А как лучше для любимого города? Э, вы о любимом городе не беспокойтесь: подлецу все к лицу. Не такой это город, чтобы пострадать от каких-то паршивых растяжек или ими же украситься. Нам больше нравится сейчас — аляповато, вульгарно, витально, брутально, перорально, с наивной наглостью, наглой наивностью, каннибализм как высшая степень простодушия — но и пятнадцать лет назад было неплохо: пустынно, просторно (летом в воскресный день), и покой как где-нибудь на раскопе, в извлеченном из-под земли, из-под пепла городе, и аборигены, например, Коломны, как ящерицы, приникают к раскаленным камням домов и набережных, и так тихо над каналами, так невообразимо далеко небо — так далеко, что не разглядишь; идешь, идешь, пока не увидишь путеводную звезду, райски приманчивую скромную вывеску, одну на сто верст другом. Бутик? Турагентство?
Нет, говорит Негодяев, просто кабак. И друзья, неожиданно оказавшись на пороге излюбленного бара, толкают дверь и поспешно входят.
А что это за вопли такие в баре? Дайте нам протиснуться — дайте посмотреть — ну-ка, посмотрим —
Ага, все ясно. Знатоку крепленых вин разбили рожу.

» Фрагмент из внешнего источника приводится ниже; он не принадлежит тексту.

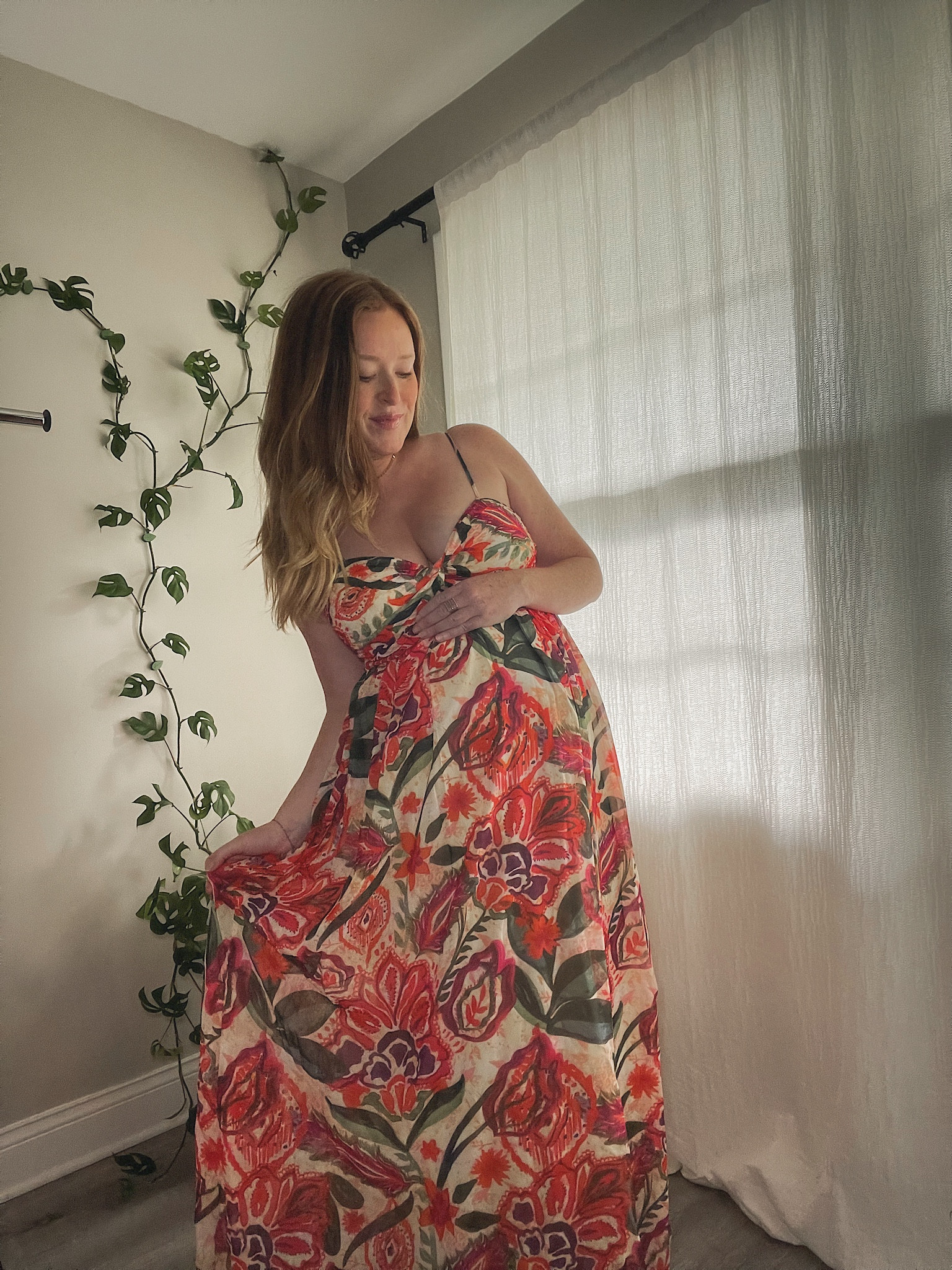 Loving this pink blush maternity summer dress! How perfect for a baby shower 😍

#LTKBaby #LTKBump #LTKSeasonal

Вот мы видим, как течет из носа кровь на дрожащие губы. Его усаживают на стул, держат за руки, но он молчит и отворачивается, и у тех, кто стоит вокруг, вид взволнованный и самодовольный. Что здесь происходит? — спрашивает Негодяев и не получает ответа.
Ему не ответили; ну и прекрасно. Что происходит, что происходит — в жизни, кроме разговоров о книгах, присутствует также и сама жизнь.
Кто-то плачет в углу; этого кого-то, по его мнению, сильно обидели. Многоуважаемый, говорим мы, что за ребячество. Избили вас не сильно, и даже ногами не били — во всяком случае, преднамеренно. Мы не видели, что здесь разыгралась за сцена — без сомнения, бессмысленная и безобразная, но отнеситесь же к ней адекватно, рожа не стекло — заживет. Вот и ваши приятели — мастера сожалеть и злословить — подтверждают, и у мизантропов наготове примеры, у фрондеров — обличения, у старичков — поучения, у лоботрясов — модный жестокий романс “Мне бы в небо”, а странствующий узник совести хоть немедленно напишет петицию в высокий Страсбургский суд.